Komşu İlimizdeki Deprem Öncü Olabilir!
Prof. Dr. Süleyman Pampal, geçtiğimiz günlerde Denizli'de meydana gelen depremlere ilgili korkutucu açıklamalarda bulundu.
Son iki gün içinde Denizli’de sabaha karşı meydana gelen 4 ve 4’e yakın büyüklükteki depremler, bölge halkında endişeye yol açtı. Uzmanlar, özellikle Pamukkale Fayı’nın potansiyel tehlikesine dikkat çekerken, olası büyük bir deprem riski yeniden gündeme geldi. Konuyla ilgili değerlendirmelerde bulunan Prof. Dr. Süleyman Pampal, Pamukkale Fayı’nın “kırılmaya hazır” olduğunu belirterek, yaşanan depremlerin olası bir büyük depremin habercisi olabileceği uyarısında bulundu.
TARİH BOYUNCA BÜYÜK DEPREMLER YAŞANDI
Denizli’nin depremlerle anılan geçmişi, bölgenin sismik risklerini bir kez daha hatırlattı. Pamukkale Fayı, tarih boyunca yıkıcı depremlerle gündeme gelmişti.
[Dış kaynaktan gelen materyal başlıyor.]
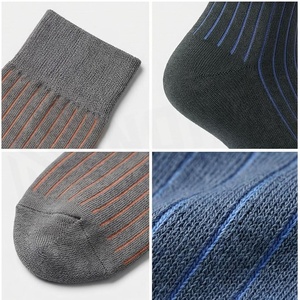 North Approach <b>Knee</b> <b>High</b> <b>Socks</b> Striped Breathable Spandex Polyester Adult Casual Autumn Wear - Product Image 4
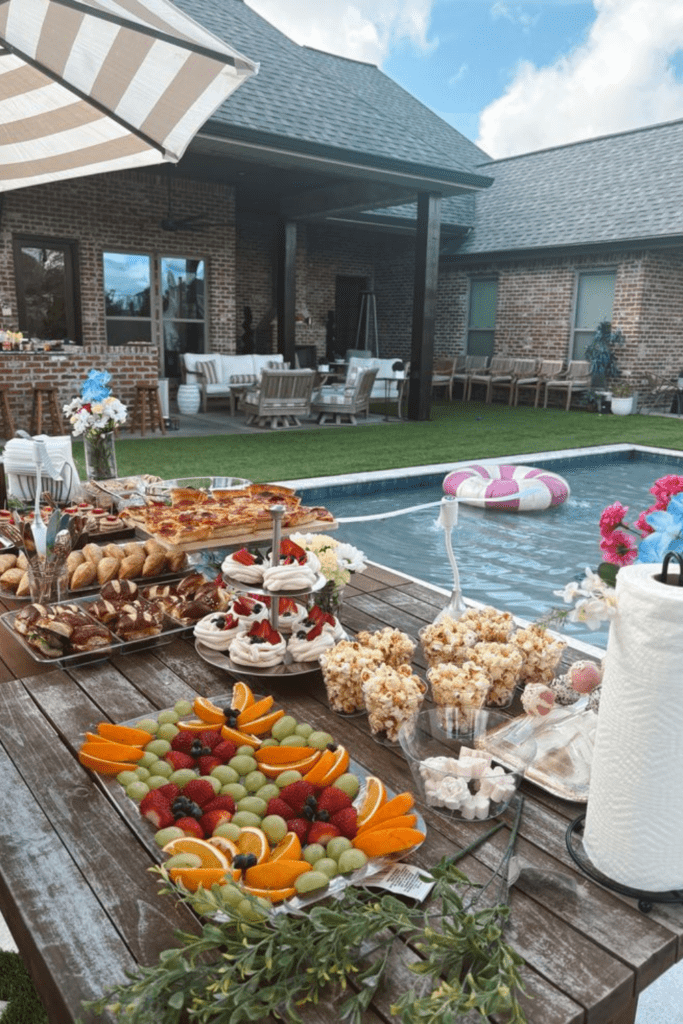 adult pool party ideas, summer party ideas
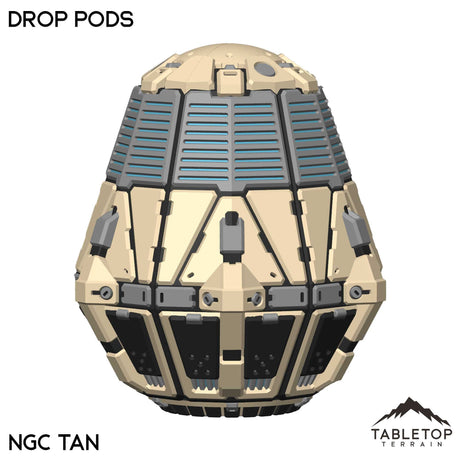 Tabletop Terrain Vehicle NextGen Color- Tan Drop Pods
MS 60 yılında meydana gelen ve büyüklüğü 7.5 olarak kaydedilen bir deprem, antik Hierapolis ve Laodikya kentlerini yerle bir etmişti. Bunun yanı sıra, 1354, 1703 ve 1717 yıllarında da büyük depremler yaşanan bölgede, tarihsel kayıtlara göre 33 adet 4’ün üzerinde deprem bulunuyor. Prof. Dr. Pampal, bu verilerin, Pamukkale Fayı’nın büyük bir tehlike arz ettiğini açıkça ortaya koyduğunu ifade etti.
ÖNCÜ DEPREM UYARISI
Denizli’de 18 Aralık’ta 4 büyüklüğünde ve 19 Aralık’ta 3.7 büyüklüğünde meydana gelen sarsıntıların ardından konuşan Prof. Dr. Süleyman Pampal, bu depremlerin birer öncü olma ihtimaline dikkat çekti. Milliyet gazetesine verdiği demeçte Pampal, 1995 yılında Dinar’da yaşanan depremin benzer bir senaryoya işaret ettiğini belirterek, “Dinar Depremi öncesinde 3 ila 5 büyüklüğünde 77 sarsıntı kaydedilmişti. Denizli’de de benzer bir süreç yaşanabilir. Ancak her öncü sarsıntı hemen ana şoku getirmez. Bu süreç saatler, günler hatta aylar alabilir” dedi.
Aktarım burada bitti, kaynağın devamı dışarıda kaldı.